Python Package lumbermark Reference

lumbermark.Lumbermark([n_clusters, ...])

Lumbermark [1] is a fast and robust divisive clustering algorithm which identifies a specified number of clusters.

lumbermark Python Package

class lumbermark.Lumbermark(n_clusters=2, *, min_cluster_size=10, min_cluster_factor=0.25, skip_leaves='auto', M=5, metric='l2', quitefastmst_params={}, verbose=False)

Lumbermark [1] is a fast and robust divisive clustering algorithm which identifies a specified number of clusters.

It iteratively chops off sizeable limbs that are joined by protruding segments of a dataset’s mutual reachability minimum spanning tree.

The use of a mutual reachability distance [2] pulls peripheral points farther away from each other. When combined with the deadwood package, it can act as an outlier detector.
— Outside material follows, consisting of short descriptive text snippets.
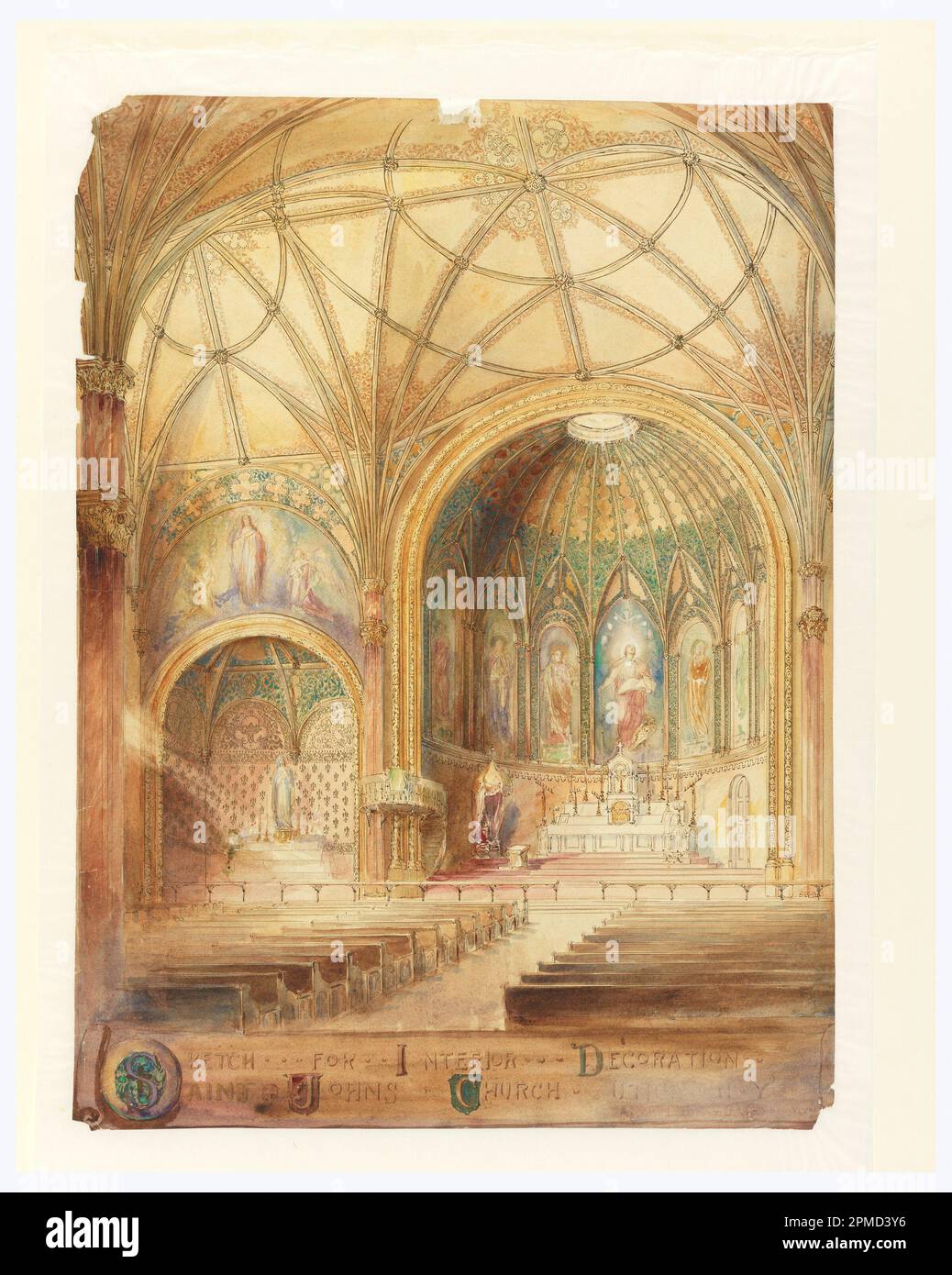 Zeichnung, Innendarstellung, St. John's Church, Utica, NY; Leon Dabo (1868-1960); USA; Pinsel und Aquarell, Riesenkürbis, Graphit auf Papier; 75,7 x 55,9 cm (29 13/16 Zoll X 22 Zoll); 1960-239-1 Stockfoto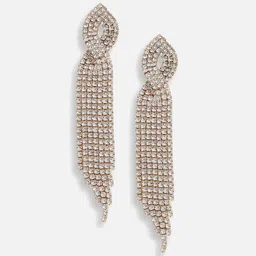 DressBerry Silver Plated Studded Drop Earrings image 2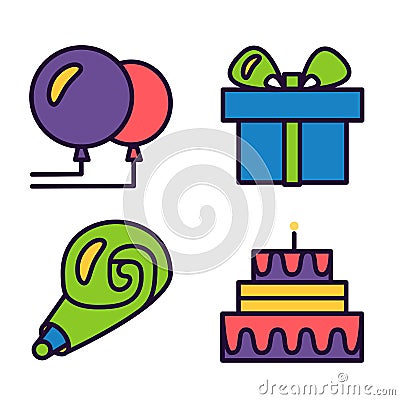 Happy Birthday And Keep Calm Vector Illustration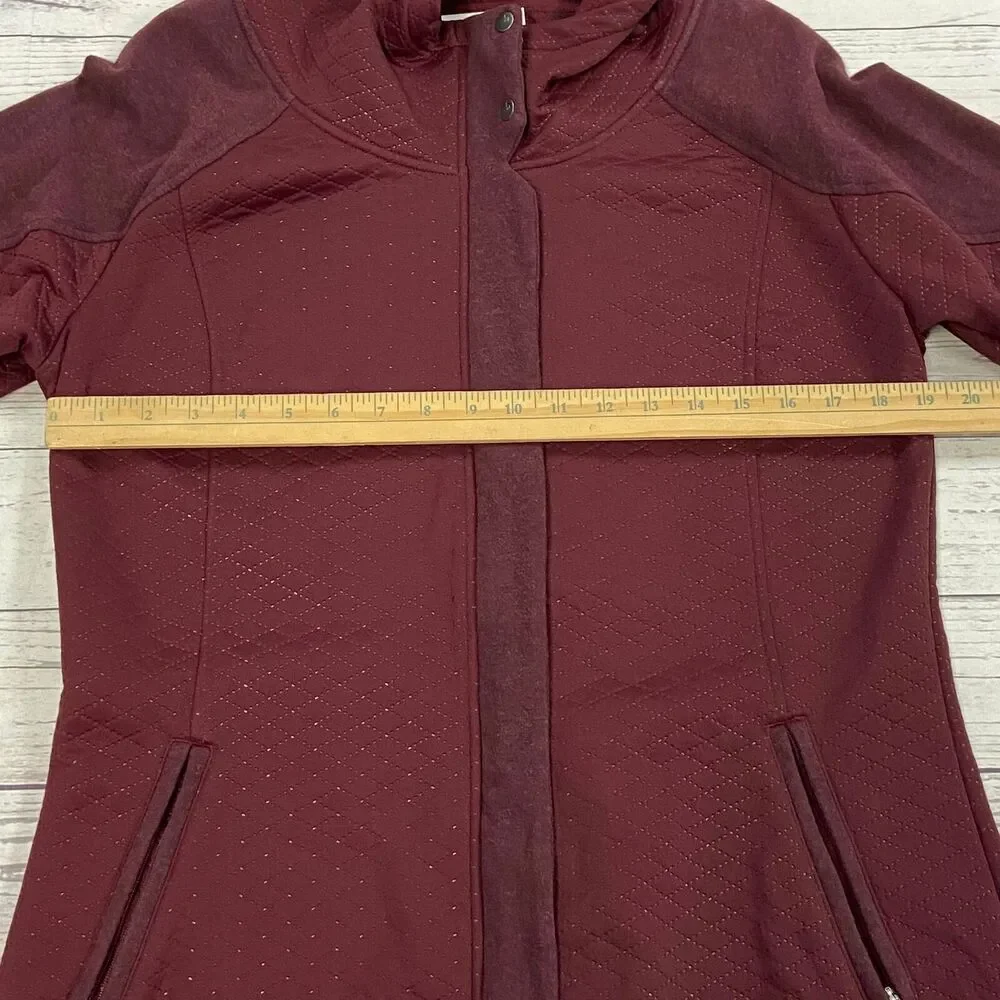 North Face Burgundy Long Hooded Coat Woman’s Size Large - Picture 5 of 8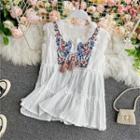 Eyelet Lace Embroidered Tank Top White - One Size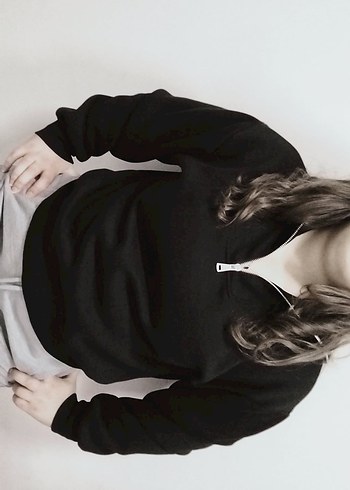 Kadın Siyah Yüksek Yakalı sweat - Görsel 4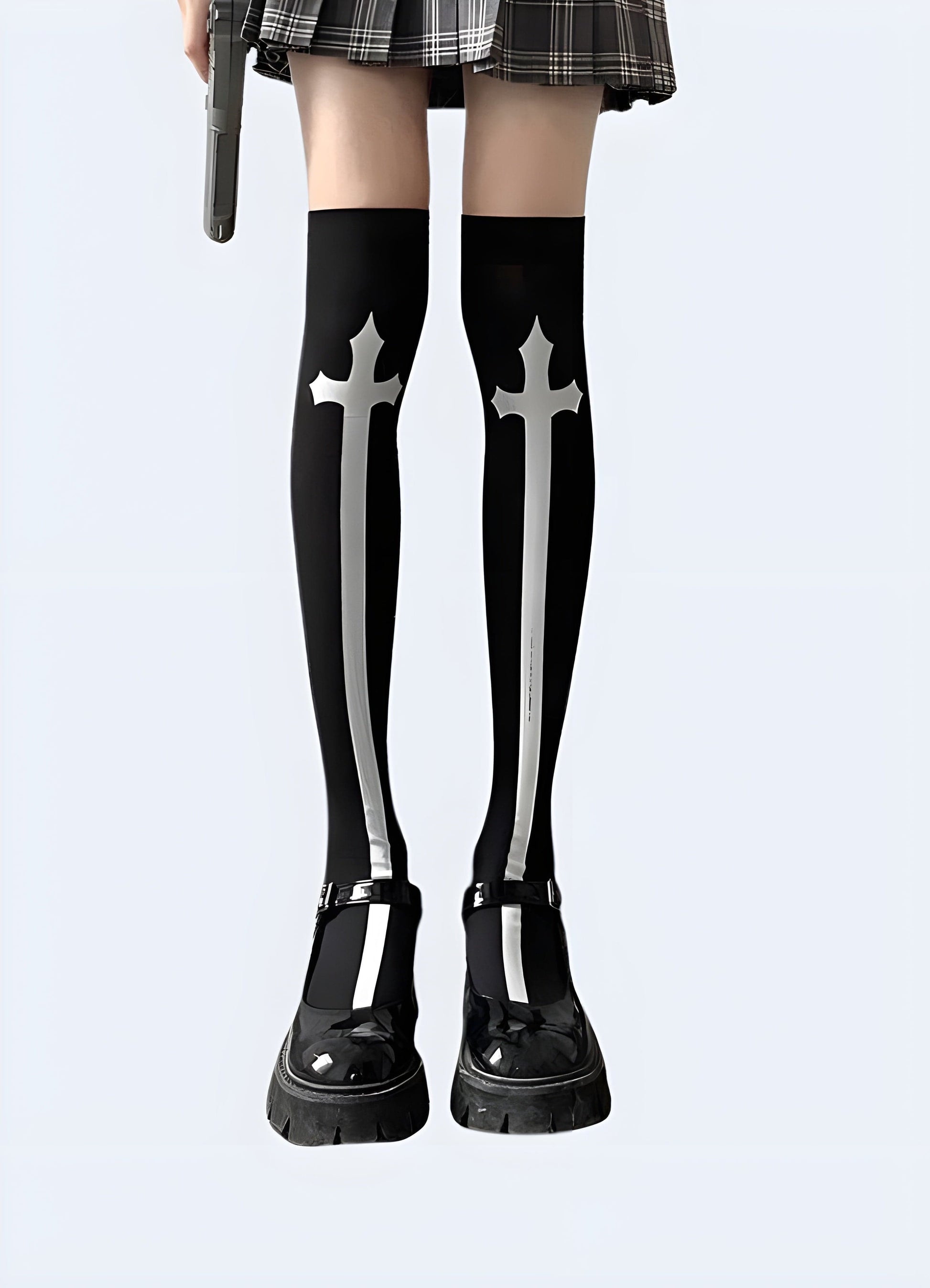 Stylish cross knee-high socks for women, featuring a trendy design and comfortable fit, perfect for upgrading your UK wardrobe.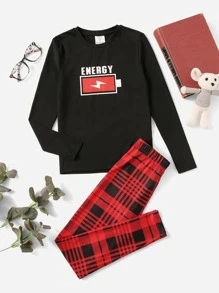 SHEIN Leap Crew 適合青少年男孩的閃電和字母圖形緊身睡衣套裝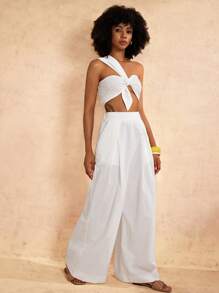 Neuer Frühlings- und Sommer-Lässig- und eleganter Urlaubs-Einschulter-Knoten-Design-Crop-Top mit breitem Bein Superweite Hose Weiß Gewebt Damen Zweiteiler-A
Once the spanning tree is determined (\(\Omega(n \log n)\)\(O(n^2)\)), the Lumbermark algorithm runs in \(O(kn)\) time, where \(k\) is the number of clusters sought. Memory use is \(O(n)\).

As with all distance-based methods (this includes k-means and DBSCAN as well), applying data preprocessing and feature engineering techniques (e.g., feature scaling, feature selection, dimensionality reduction) might lead to more meaningful results.

Parameters:
n_clustersint

The number of clusters to detect.

min_cluster_sizeint, default=10

Minimal cluster size.

min_cluster_factorfloat in [0,1], default=0.25

Output cluster sizes will not be smaller than min_cluster_factor*n_points/n_clusters.

skip_leavesbool, default=’auto’

Whether the MST leaves should be omitted from cluster size counting; "auto" selects True if M > 0.

Mint, default=5

Smoothing factor for the mutual reachability distance [2]. M = 0 and M = 1 select the original distance as given by the metric parameter; see deadwood.MSTBase.

metricstr, default=’l2’

The metric used to compute the linkage; see deadwood.MSTBase for more details. Defaults to the Euclidean distance.

quitefastmst_paramsdict

Additional parameters to be passed to quitefastmst.mst_euclid if metric is "l2".

verbosebool, default=False

Whether to print diagnostic messages and progress information onto stderr.

Attributes:
labels_ndarray

Detected cluster labels.

It is an integer vector such that labels_[i] gives the cluster ID (between 0 and n_clusters_ - 1) of the i-th object.

n_clusters_int

The actual number of clusters detected by the algorithm.

n_samples_int

The number of points in the dataset.

n_features_int or None

The number of features in the dataset.

References

[1] (1,2)

M. Gagolewski, Lumbermark, in preparation, 2026, TODO

[2] (1,2)

R.J.G.B. Campello, D. Moulavi, J. Sander, Density-based clustering based on hierarchical density estimates, Lecture Notes in Computer Science 7819, 2013, 160-172, https://doi.org/10.1007/978-3-642-37456-2_14

[3]

M. Gagolewski, A. Cena, M. Bartoszuk, Ł. Brzozowski, Clustering with minimum spanning trees: How good can it be?, Journal of Classification 42, 2025, 90-112, https://doi.org/10.1007/s00357-024-09483-1

fit(X, y=None)

Performs a cluster analysis of a dataset.

Parameters:
Xobject

Typically a matrix or a data frame with n_samples rows and n_features columns; see deadwood.MSTBase.fit_predict for more details.

yNone

Ignored.

Returns:
selflumbermark.Lumbermark

The object that the method was called on.

Notes

Refer to the labels_ and n_clusters_ attributes for the result.